Provided by Taste of Home

Categories     Dinner

Time 1h20m

Yield 4 servings.

Number Of Ingredients 26

4-1/2 teaspoons cornstarch
2 teaspoons ground turmeric
1 teaspoon chicken bouillon granules
1/4 teaspoon salt
1/4 teaspoon pepper
1/4 teaspoon smoked paprika
1/4 teaspoon ground cumin
4 boneless skinless chicken thighs (about 1 pound)
1 medium potato, peeled and cut into 1-inch pieces
CURRY:
1 tablespoon olive oil
1 fully cooked Spanish chorizo link (3 ounces), sliced
1 tablespoon tomato paste
2 garlic cloves, minced
2 bay leaves
1/2 cup chopped onion
1/2 cup chopped green pepper
1/2 cup chopped tomato
1 can (13.66 ounces) coconut milk
1 cup chicken broth
12 pitted ripe olives, divided
1 tablespoon cornstarch
2 tablespoons water
1 hard-boiled large egg, quartered
1/4 cup unsweetened coconut flakes
Hot cooked rice

Steps:

  • Combine the first 7 ingredients; rub over chicken.

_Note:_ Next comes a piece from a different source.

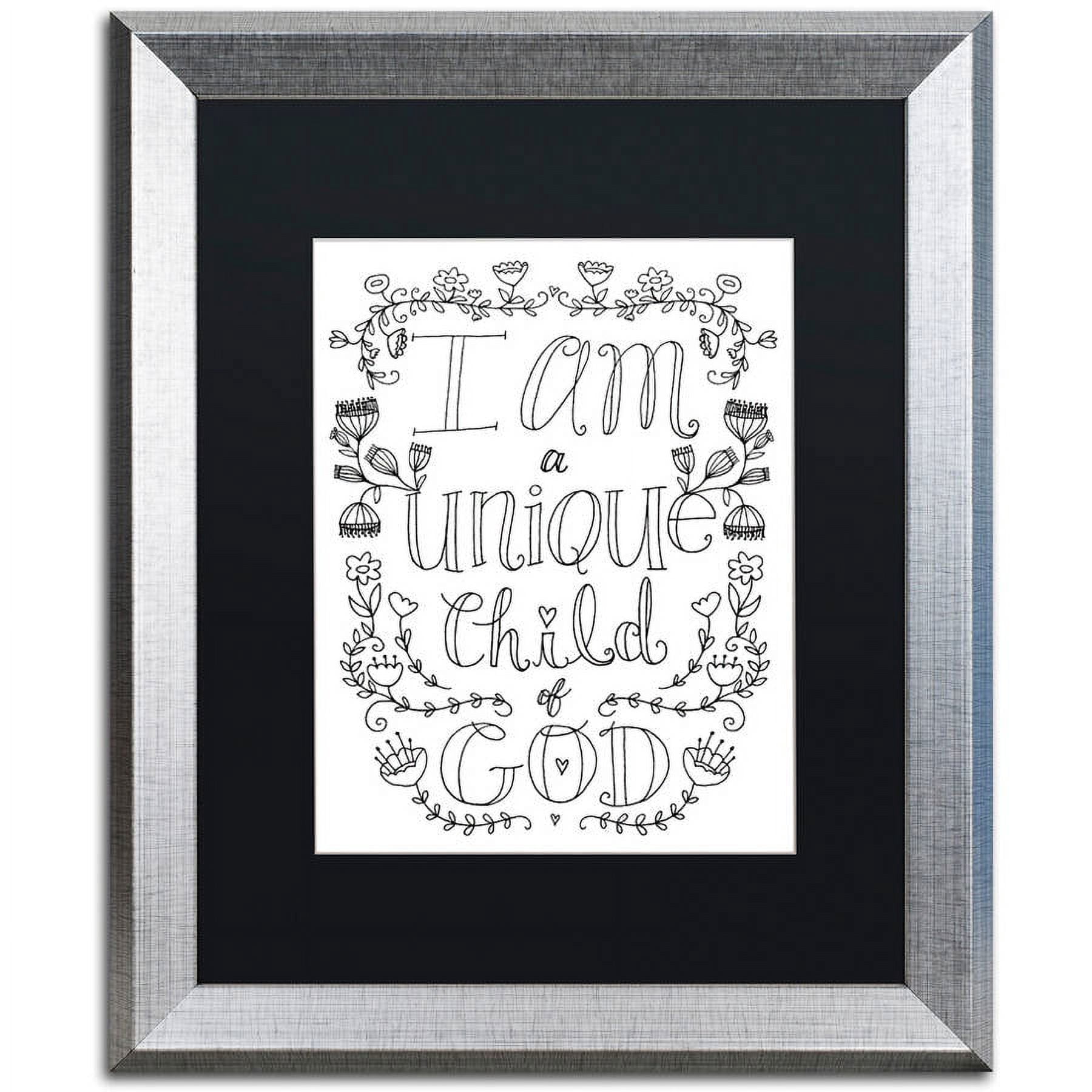Trademark Fine Art "Unique Child of God" Canvas Art by Elizabeth Caldwell, Black Matte, Silver Frame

Refrigerate, covered, at least 1 hour or overnight. Meanwhile, place potato in a small saucepan; add water to cover. Bring to a boil. Reduce heat; cook, uncovered, until just tender, 10-12 minutes. Drain and set aside., In a large skillet, heat oil over medium-high heat. Brown chicken on both sides; remove and set aside. Reserve 5 slices chorizo for topping. In the same pan, cook and stir remaining chorizo, tomato paste, garlic and bay leaves for 1 minute. Add onion, green pepper and tomato; cook and stir until tender, 3-5 minutes., Stir in coconut milk, broth, cooked potato, 8 olives and reserved chicken. Mix cornstarch and water until smooth; stir into cooking juices. Bring to a boil; reduce heat. Simmer, uncovered, for 15 minutes. Preheat broiler., Transfer chicken mixture to a 13x9 baking pan, place egg, reserved chorizo and remaining 4 olives over top; sprinkle with coconut. Broil 3-4 in. from heat until coconut is toasted, 7-10 minutes. Discard bay leaves. Serve curry with rice.

Nutrition Facts : Calories 551 calories, Fat 38g fat (23g saturated fat), Cholesterol 137mg cholesterol, Sodium 1013mg sodium, Carbohydrate 22g carbohydrate (6g sugars, Fiber 3g fiber), Protein 30g protein.